METHODS::Orthopedic treatment to improve deficient maxillary growth of cleft lip and palate patients is an important part of treatment. The success of this treatment is strongly dependent on the time of initiation of therapy. There has been a large controversy in the available literature regarding the skeletal age of these patients. The aim of the present study was to compare the skeletal age of cleft lip and palate patients with normal individuals.37 unilateral and 14 bilateral cleft lip and palate patients and 47 healthy individuals participated in this cross-sectional study. The patients were classified into 8 to 10 and 11 to 14-year-old individuals. Cervical vertebral maturational stage of participants was evaluated in the lateral cephalometry. The skeletal age of cleft lip and palate patients was compared with normal controls.

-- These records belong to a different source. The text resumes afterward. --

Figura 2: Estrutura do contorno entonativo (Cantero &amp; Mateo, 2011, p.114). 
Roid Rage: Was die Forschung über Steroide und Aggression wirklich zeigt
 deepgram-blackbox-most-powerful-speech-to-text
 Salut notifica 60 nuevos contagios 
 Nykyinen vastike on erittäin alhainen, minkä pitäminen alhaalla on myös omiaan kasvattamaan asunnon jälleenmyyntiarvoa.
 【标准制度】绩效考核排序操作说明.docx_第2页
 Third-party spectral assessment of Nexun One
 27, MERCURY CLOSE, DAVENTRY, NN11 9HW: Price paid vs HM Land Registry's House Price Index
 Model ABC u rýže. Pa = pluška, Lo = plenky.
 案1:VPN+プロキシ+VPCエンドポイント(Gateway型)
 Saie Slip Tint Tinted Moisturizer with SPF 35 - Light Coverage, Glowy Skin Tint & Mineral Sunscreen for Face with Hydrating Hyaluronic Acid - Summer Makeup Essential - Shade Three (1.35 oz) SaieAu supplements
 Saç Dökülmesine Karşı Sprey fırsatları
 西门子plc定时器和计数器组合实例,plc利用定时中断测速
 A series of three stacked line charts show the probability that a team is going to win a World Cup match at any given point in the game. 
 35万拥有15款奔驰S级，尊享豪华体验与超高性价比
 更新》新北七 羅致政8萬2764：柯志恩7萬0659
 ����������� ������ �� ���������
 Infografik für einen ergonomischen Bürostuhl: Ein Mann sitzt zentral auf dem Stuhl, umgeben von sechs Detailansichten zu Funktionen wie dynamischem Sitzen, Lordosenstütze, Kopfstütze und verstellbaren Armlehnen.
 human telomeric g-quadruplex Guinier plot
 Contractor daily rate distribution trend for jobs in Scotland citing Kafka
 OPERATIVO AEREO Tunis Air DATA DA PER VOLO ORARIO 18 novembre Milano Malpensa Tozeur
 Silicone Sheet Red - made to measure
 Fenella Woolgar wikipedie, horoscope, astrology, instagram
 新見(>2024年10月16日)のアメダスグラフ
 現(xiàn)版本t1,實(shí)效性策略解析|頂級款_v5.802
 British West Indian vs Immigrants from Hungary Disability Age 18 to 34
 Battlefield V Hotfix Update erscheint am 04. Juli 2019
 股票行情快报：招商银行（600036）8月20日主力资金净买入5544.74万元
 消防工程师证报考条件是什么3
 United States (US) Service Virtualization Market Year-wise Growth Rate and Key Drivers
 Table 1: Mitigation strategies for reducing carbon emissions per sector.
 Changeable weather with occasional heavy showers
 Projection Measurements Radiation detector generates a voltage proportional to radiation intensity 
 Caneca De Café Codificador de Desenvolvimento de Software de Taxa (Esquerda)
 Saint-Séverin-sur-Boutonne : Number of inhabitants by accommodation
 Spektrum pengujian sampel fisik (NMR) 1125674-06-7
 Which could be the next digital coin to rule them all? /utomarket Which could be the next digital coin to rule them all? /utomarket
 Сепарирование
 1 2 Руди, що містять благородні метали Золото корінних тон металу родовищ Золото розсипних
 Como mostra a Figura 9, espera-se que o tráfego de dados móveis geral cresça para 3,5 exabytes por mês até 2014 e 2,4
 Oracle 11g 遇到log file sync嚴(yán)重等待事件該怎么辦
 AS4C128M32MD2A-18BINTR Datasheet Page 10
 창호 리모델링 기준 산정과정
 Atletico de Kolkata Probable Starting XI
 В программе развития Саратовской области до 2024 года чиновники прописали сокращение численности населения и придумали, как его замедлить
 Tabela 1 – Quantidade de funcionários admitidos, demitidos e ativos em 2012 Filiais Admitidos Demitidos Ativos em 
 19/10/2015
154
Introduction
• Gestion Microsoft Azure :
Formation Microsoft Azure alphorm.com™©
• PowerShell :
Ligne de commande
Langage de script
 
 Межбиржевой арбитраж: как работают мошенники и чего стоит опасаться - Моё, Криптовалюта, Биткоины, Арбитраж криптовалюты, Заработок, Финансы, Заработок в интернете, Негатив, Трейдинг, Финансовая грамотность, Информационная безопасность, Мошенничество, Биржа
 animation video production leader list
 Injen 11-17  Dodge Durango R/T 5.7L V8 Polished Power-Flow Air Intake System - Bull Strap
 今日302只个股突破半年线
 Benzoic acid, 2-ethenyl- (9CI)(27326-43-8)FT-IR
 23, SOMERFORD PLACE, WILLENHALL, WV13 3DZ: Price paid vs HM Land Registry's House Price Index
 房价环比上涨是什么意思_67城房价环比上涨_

Chi-square was used for statistical analysis. There was not a significant difference in the skeletal developmental stage of unilateral and bilateral cleft compared to their normal peers according to their age and sex. Also, significant difference in skeletal maturational stage of cleft lip and palate patients was not found between boys and girls (P = 0.8). Similarly, no significant difference was found in the skeletal age of the 3 studied groups without considering the age and sex of participants (P = 0.5). Regarding the similar skeletal maturational stage of cleft lip and palate patients with normal controls in our study, their maxillofacial orthopedic treatment can be initiated at similar time to normal peers.